A Worthy Cause
"We had way too many animals in the house and around the house so we really couldn't go -- we decided we were going to stay and fight."
"At three o'clock it was a beautiful summer's day, by four o'clock it was midnight. You couldn't see any more than 20 yards and then the firestorm came through and pretty much burned everything."
"It was a horrible thing -- the whole bush has been burnt. It's been vaporized -- it's Vietnam is what it looks like."
"It's not until after the fires when it really hits you how close you were to dying but at the time you are too busy trying to put the fire out."
"We didn't have children ourselves; this is what we spend our time doing. We think it's worthy -- a worthy cause -- looking after our babies no matter what they are, whether they are kangaroos, echidnas or wombats."

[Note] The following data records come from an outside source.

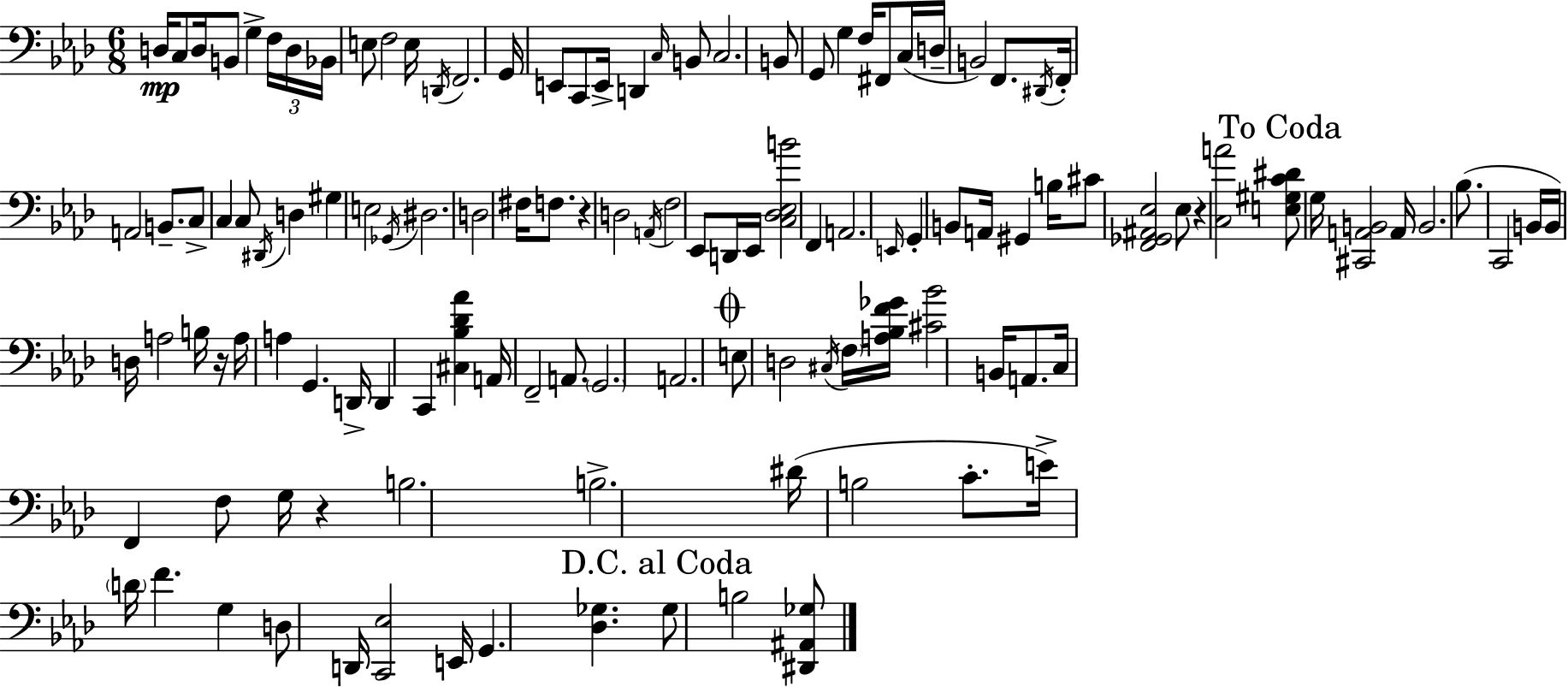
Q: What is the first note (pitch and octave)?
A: D3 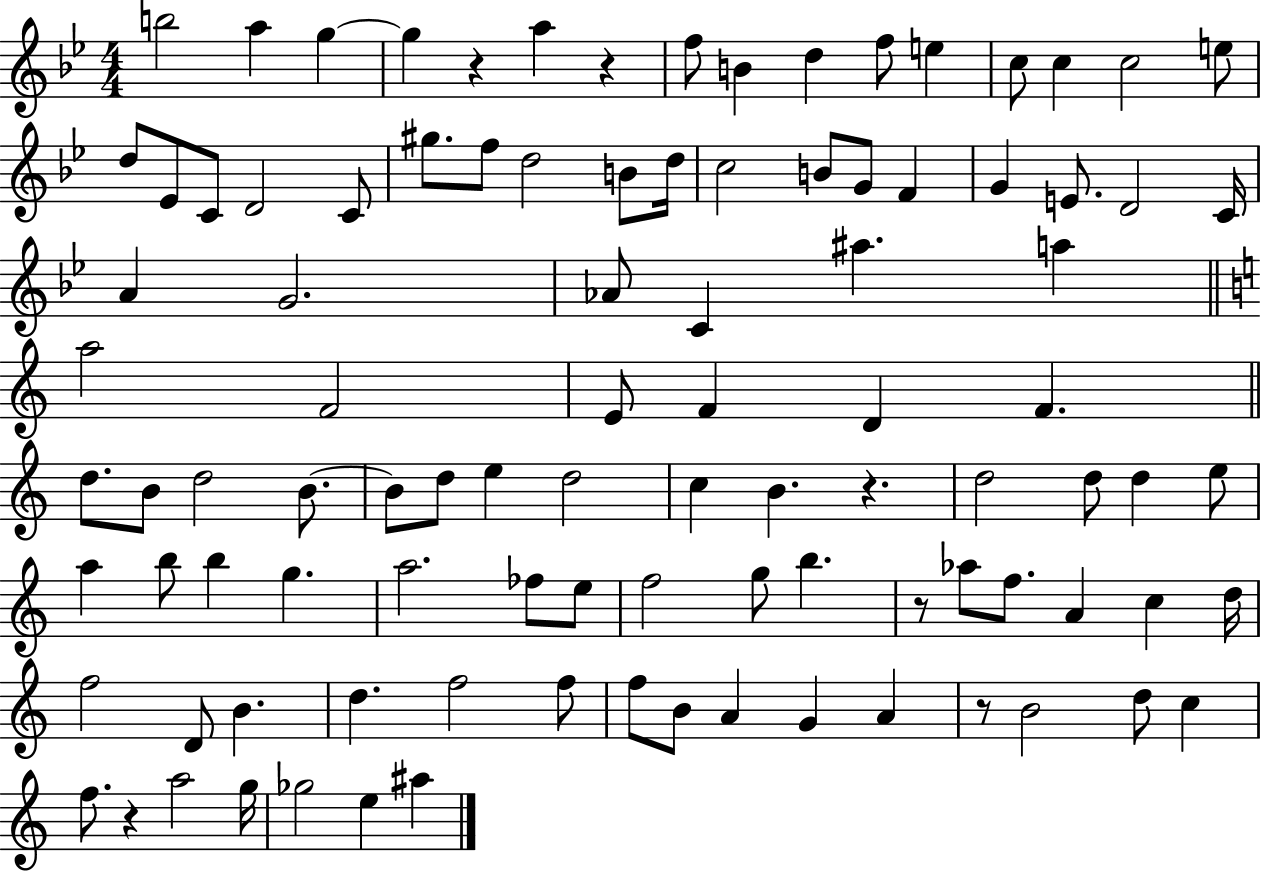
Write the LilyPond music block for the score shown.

{
  \clef treble
  \numericTimeSignature
  \time 4/4
  \key bes \major
  b''2 a''4 g''4~~ | g''4 r4 a''4 r4 | f''8 b'4 d''4 f''8 e''4 | c''8 c''4 c''2 e''8 | \break d''8 ees'8 c'8 d'2 c'8 | gis''8. f''8 d''2 b'8 d''16 | c''2 b'8 g'8 f'4 | g'4 e'8. d'2 c'16 | \break a'4 g'2. | aes'8 c'4 ais''4. a''4 | \bar "||" \break \key c \major a''2 f'2 | e'8 f'4 d'4 f'4. | \bar "||" \break \key c \major d''8. b'8 d''2 b'8.~~ | b'8 d''8 e''4 d''2 | c''4 b'4. r4. | d''2 d''8 d''4 e''8 | \break a''4 b''8 b''4 g''4. | a''2. fes''8 e''8 | f''2 g''8 b''4. | r8 aes''8 f''8. a'4 c''4 d''16 | \break f''2 d'8 b'4. | d''4. f''2 f''8 | f''8 b'8 a'4 g'4 a'4 | r8 b'2 d''8 c''4 | \break f''8. r4 a''2 g''16 | ges''2 e''4 ais''4 | \bar "|."
} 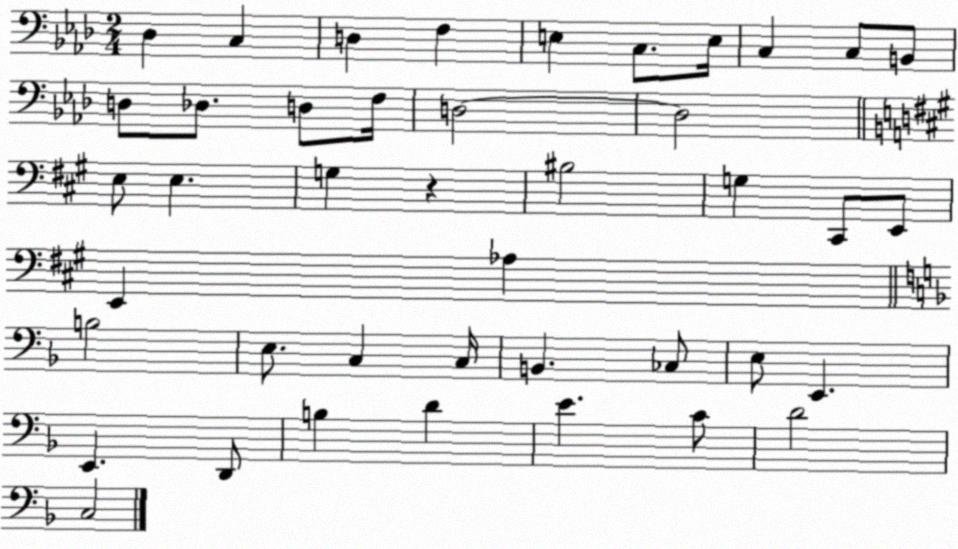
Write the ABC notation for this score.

X:1
T:Untitled
M:2/4
L:1/4
K:Ab
_D, C, D, F, E, C,/2 E,/4 C, C,/2 B,,/2 D,/2 _D,/2 D,/2 F,/4 D,2 D,2 E,/2 E, G, z ^B,2 G, ^C,,/2 E,,/2 E,, _A, B,2 E,/2 C, C,/4 B,, _C,/2 E,/2 E,, E,, D,,/2 B, D E C/2 D2 C,2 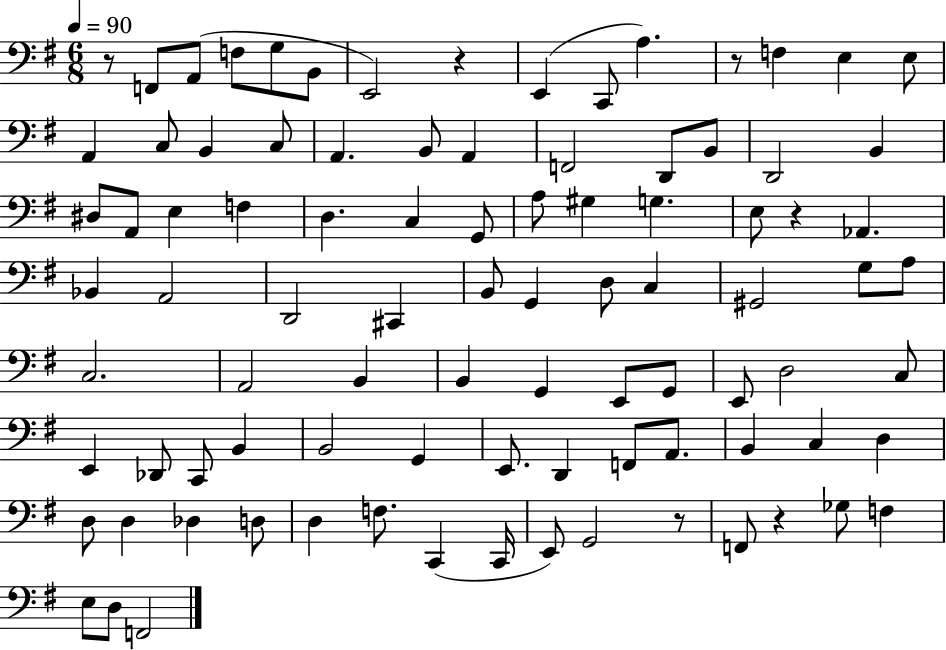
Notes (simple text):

R/e F2/e A2/e F3/e G3/e B2/e E2/h R/q E2/q C2/e A3/q. R/e F3/q E3/q E3/e A2/q C3/e B2/q C3/e A2/q. B2/e A2/q F2/h D2/e B2/e D2/h B2/q D#3/e A2/e E3/q F3/q D3/q. C3/q G2/e A3/e G#3/q G3/q. E3/e R/q Ab2/q. Bb2/q A2/h D2/h C#2/q B2/e G2/q D3/e C3/q G#2/h G3/e A3/e C3/h. A2/h B2/q B2/q G2/q E2/e G2/e E2/e D3/h C3/e E2/q Db2/e C2/e B2/q B2/h G2/q E2/e. D2/q F2/e A2/e. B2/q C3/q D3/q D3/e D3/q Db3/q D3/e D3/q F3/e. C2/q C2/s E2/e G2/h R/e F2/e R/q Gb3/e F3/q E3/e D3/e F2/h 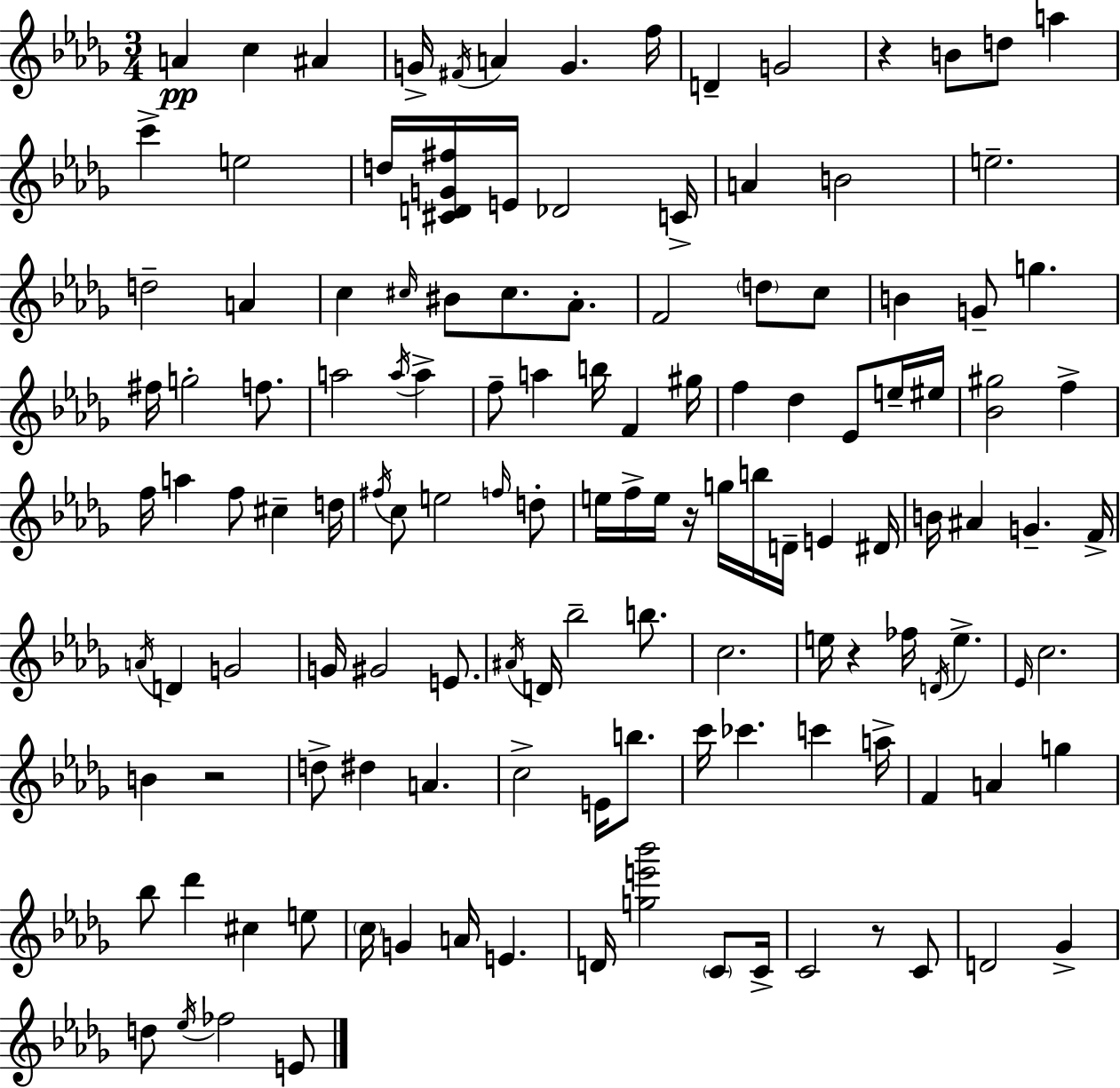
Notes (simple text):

A4/q C5/q A#4/q G4/s F#4/s A4/q G4/q. F5/s D4/q G4/h R/q B4/e D5/e A5/q C6/q E5/h D5/s [C#4,D4,G4,F#5]/s E4/s Db4/h C4/s A4/q B4/h E5/h. D5/h A4/q C5/q C#5/s BIS4/e C#5/e. Ab4/e. F4/h D5/e C5/e B4/q G4/e G5/q. F#5/s G5/h F5/e. A5/h A5/s A5/q F5/e A5/q B5/s F4/q G#5/s F5/q Db5/q Eb4/e E5/s EIS5/s [Bb4,G#5]/h F5/q F5/s A5/q F5/e C#5/q D5/s F#5/s C5/e E5/h F5/s D5/e E5/s F5/s E5/s R/s G5/s B5/s D4/s E4/q D#4/s B4/s A#4/q G4/q. F4/s A4/s D4/q G4/h G4/s G#4/h E4/e. A#4/s D4/s Bb5/h B5/e. C5/h. E5/s R/q FES5/s D4/s E5/q. Eb4/s C5/h. B4/q R/h D5/e D#5/q A4/q. C5/h E4/s B5/e. C6/s CES6/q. C6/q A5/s F4/q A4/q G5/q Bb5/e Db6/q C#5/q E5/e C5/s G4/q A4/s E4/q. D4/s [G5,E6,Bb6]/h C4/e C4/s C4/h R/e C4/e D4/h Gb4/q D5/e Eb5/s FES5/h E4/e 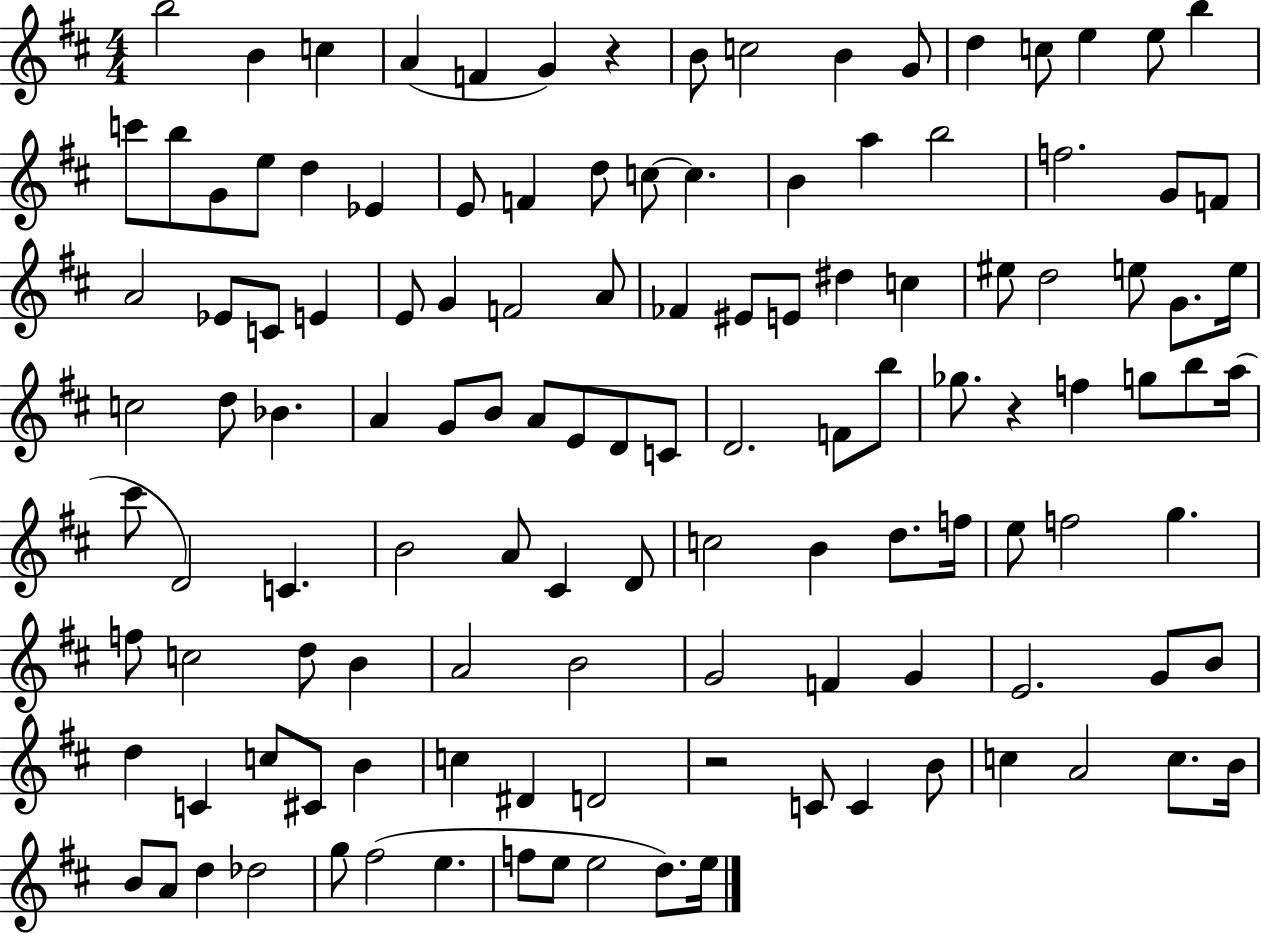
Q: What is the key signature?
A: D major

Julie Willis, Wytaliba, New South Wales, Australia
They spent an exhausting fourteen hours using fire extinguishers, water pumps and a sprinkler system to put out burning embers falling from the bushfire through the sky onto the roof of their home. It was hard work, but they had executed a determined plan of action and with Lady Fortune on their side, managed to keep the fire at bay, although everything around them was consumed by the ravaging flames.
REUTERS/Jorge Silva |
They felt little option left to them but to act as they did, to preserve the lives of the dozen marsupials hanging from fabric pouches in their living room. Along with nursing the orphans kangeroos that they had earlier nurtured, now full grown, as well as other wildlife that had long left their care, and have returned to the house searching for refuge from the flames.
Most animals, explained Willis, like possums, gliders, echidnas, lizards and many birds were unable to flee the fires that overtook their flight. Fires that she described as more fierce than any she had ever before seen.
This year's bushfire season, fierce and prolonged in Australia, has killed 33 people and demolished an estimated billion native animals since the fires began back in September, destroying 2,500 homes and seeing over 11.7 million hectares of tinder-dry bushland razed. Fallout from the monstrous fires continues, with food scarcity and water tainted with ash devastating local wildlife, increasing the number of boarders at the Wytaliba home.
Wilson and Willis have gone from rescuing joeys after their mothers have been struck by vehicles, to hosting an increasing number of orphans whom the raging fires created. The joeys are fed a particular milk formula every two-to-four hours and will eventually be released back into the wild. For now, it's Julie Willis, Gary Wilson and the tiny refugees living in the off-the-grid home, surrounded by scorched bush and burnt-out vehicles.